Regenerative tourism offers a framework, or belief system, that draws heavily from Indigenous worldviews that conceptualize nature as an elder and as a relative. Indigenous cultures perceive nature and her myriad elements as human caretakers and as models for how humans can achieve balance and wellbeing. A regenerative worldview sees non-humans as equal in stature to humans. As Potawatomi botanist Robin Wall Kimmerer explains:
In the Western tradition there’s a recognized hierarchy of beings, with, of course, the human being on top — the pinnacle of evolution, the darling of Creation — and the plants at the bottom. But in Native ways of knowing, human people are often referred to as ‘the younger brothers of Creation.’ We say that humans have the least experience with how to live and thus the most to learn — we must look to our teachers among the other species for guidance. Their wisdom is apparent in the way that they live. They teach us by example. (2015, p. 9)

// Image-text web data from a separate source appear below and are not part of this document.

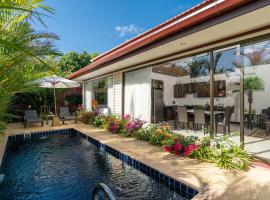 Boutique Resort Private Pool Villa - SHA Extra Plus, hotell i Ban Pa Khlok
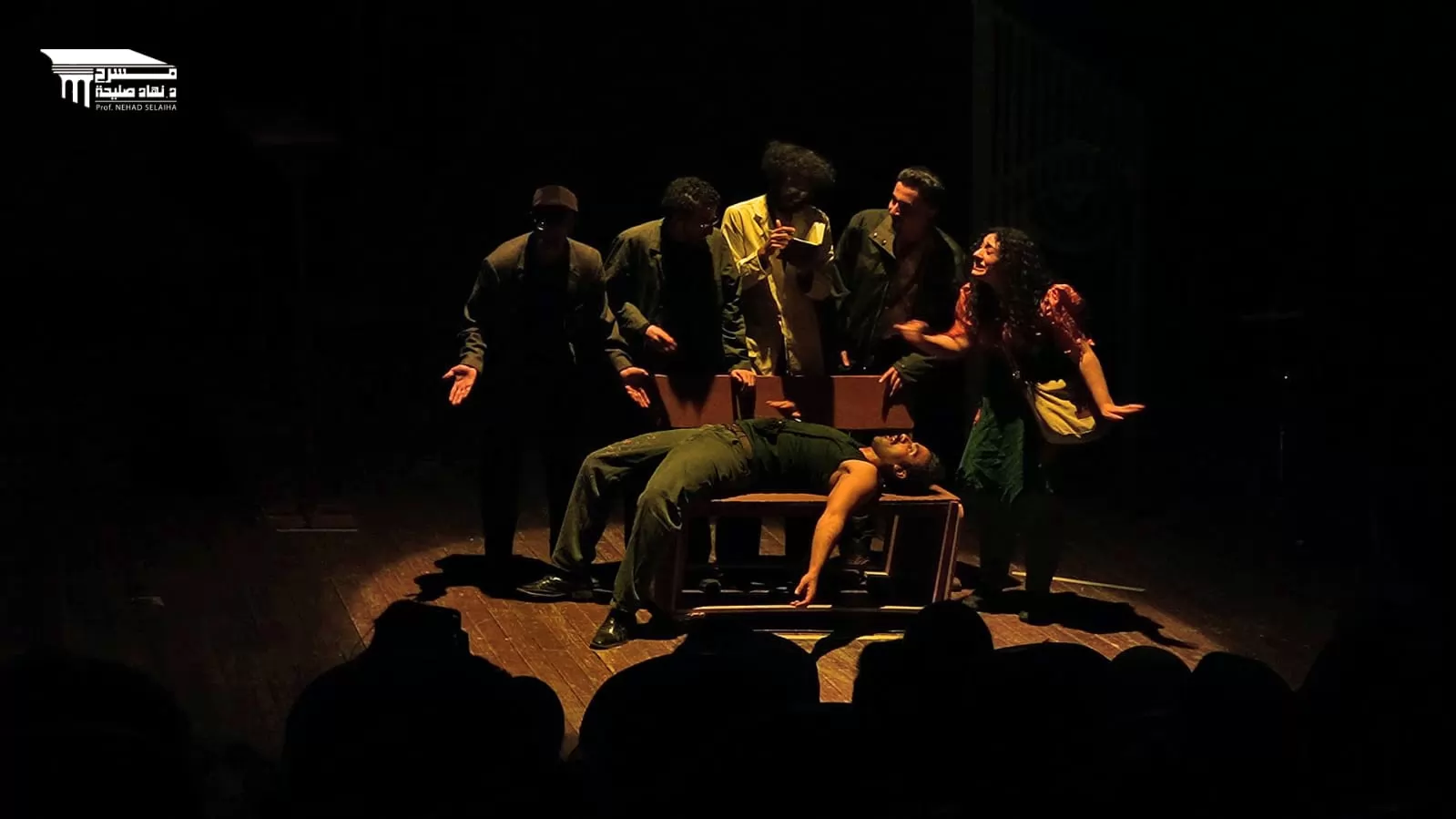 إقبال جماهيري لافت على عرض «المضطر يركب القطر» وحصاد 3 جوائز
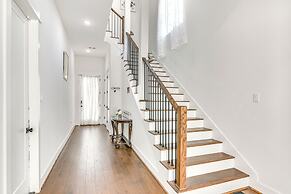 7 Mi to The Galleria: Modern Home w/ Fenced Yard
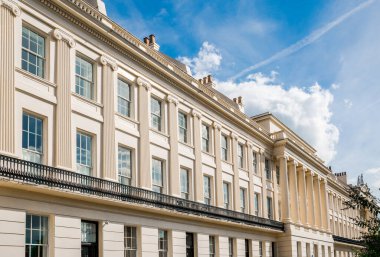 Londra, İngiltere - 29 Eylül 2025: Regent Park 'taki dış çevre caddesi ve 19. yüzyılın başlarındaki güzel kasaba evleri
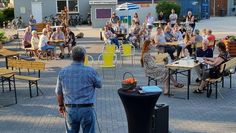 Müller, Kassenwart des Vereins Pro Pennigbüttel, konnte bei „Pennigbüttel schnackt“ - open air verkünden, dass das Projekt Dorfplatz vollständig abgeschlossen ist. Foto: nek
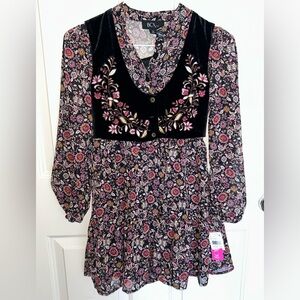 BCX Floral Long Sleeve Dress with Black Embroidered Vest Girls Sz 10 NWt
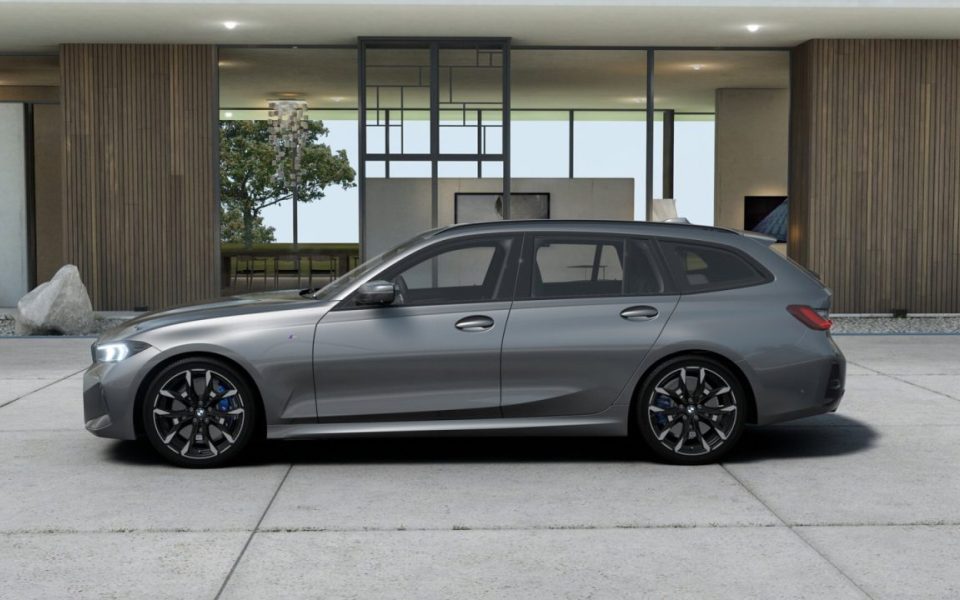 2026 BMW 330i Touring Automatic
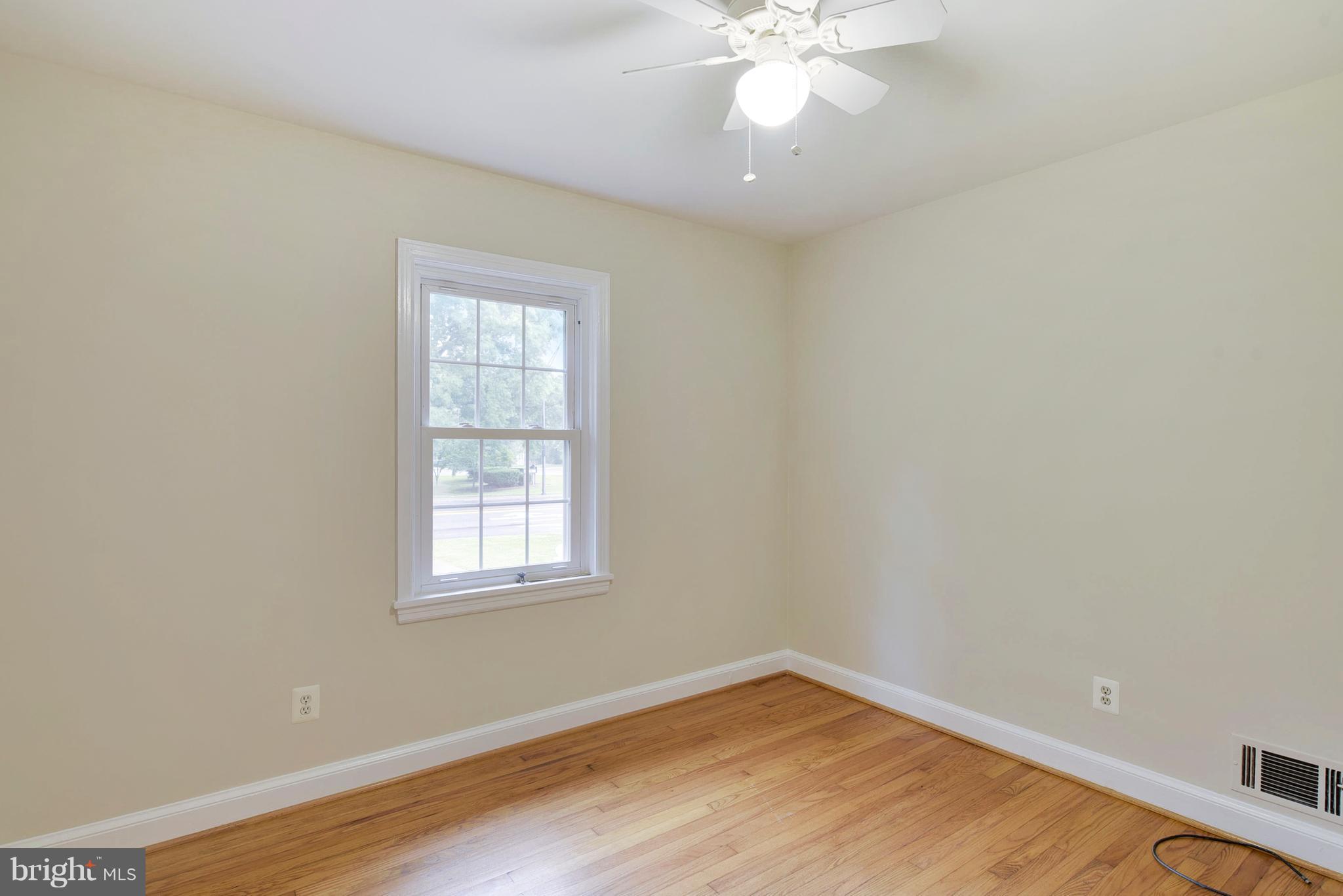 8919 Sudley Road Manassas, VA 20110 - Photo 11 of 26 All BRs have overhead lighting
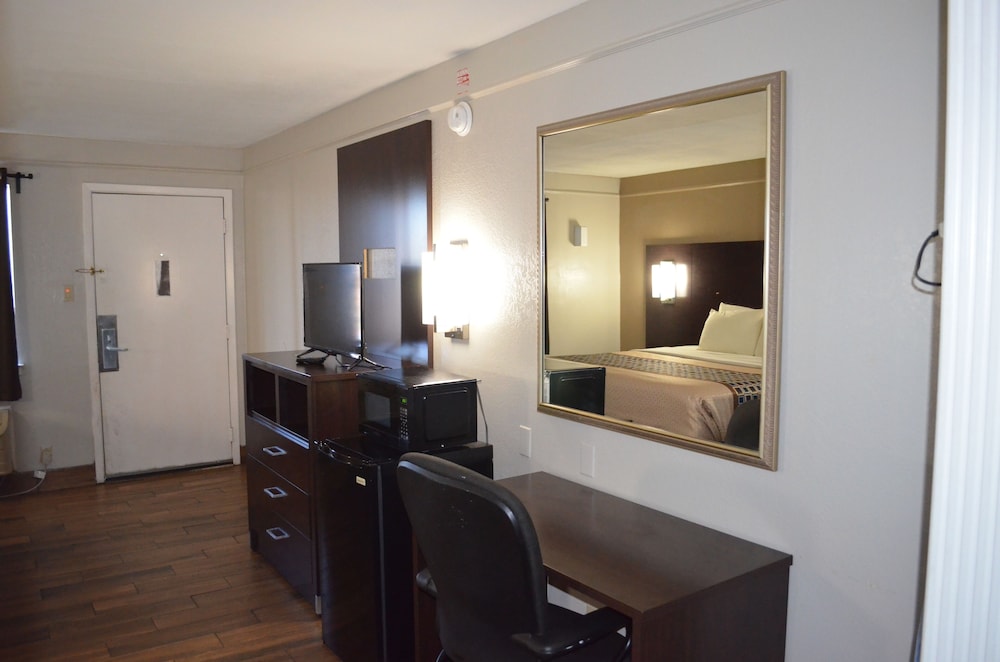 Hill Country Inn and Suites Marble Falls - TX 5/20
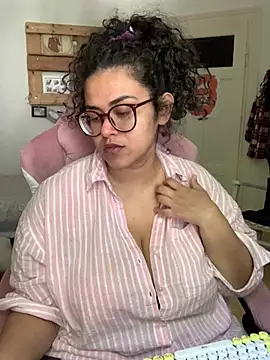 Snapshot of Curvydesifromgermany chatting on July 24, 12:47 pm Curvydesifromgermany online show from July 24, 12:47 pm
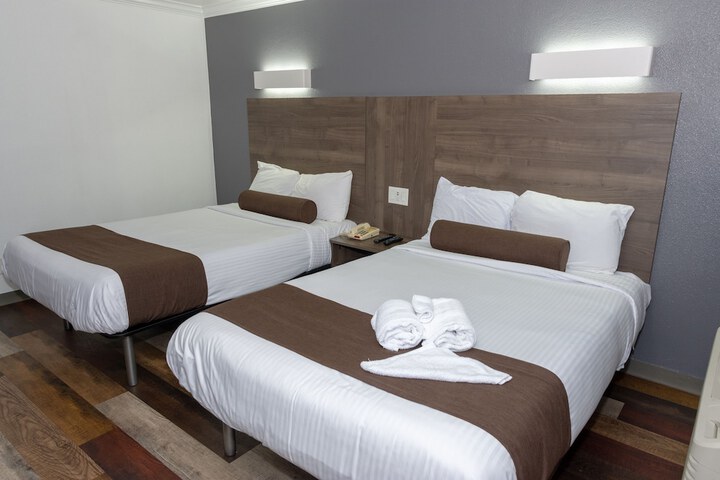 Value Inn Bellflower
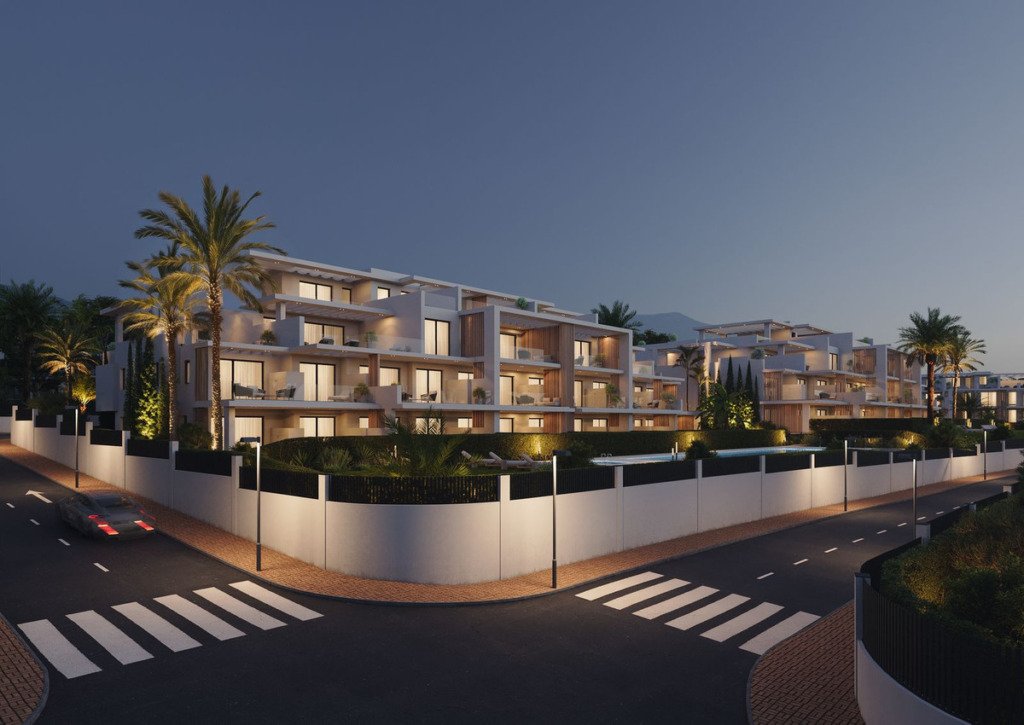 Апартамент средний этаж — Estepona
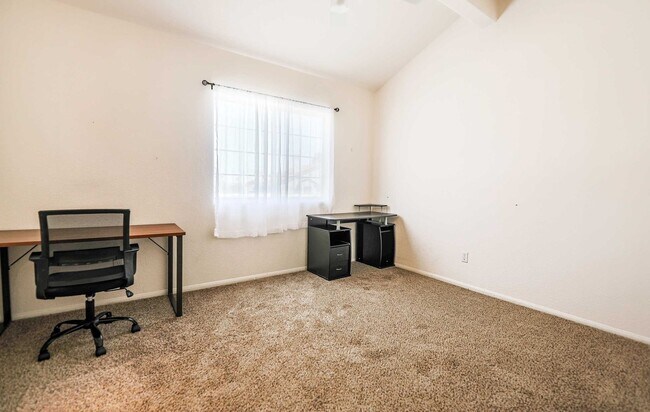 Building Photo - Cute 2 Bedroom Condo FOR RENT!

Whereas Native Americans were removed from state parks to make way for tourists, today Indigenous wisdom is being embedded within tourism in order to rescue it as a system, to correct the overtourism that contributes to global warming and degrades the beauty and health of the places travelers journey. The term ‘last chance tourism,’ for example, has been coined to designate travel to those places being threatened by or facing imminent extinction. Created to uphold and promote the 17 sustainable development goals of the World Charter for Sustainable Tourism [see Figure 2], the Responsible Tourism Institute explains
ironically, visiting destinations threatened by climate change can accelerate the very changes that endanger them.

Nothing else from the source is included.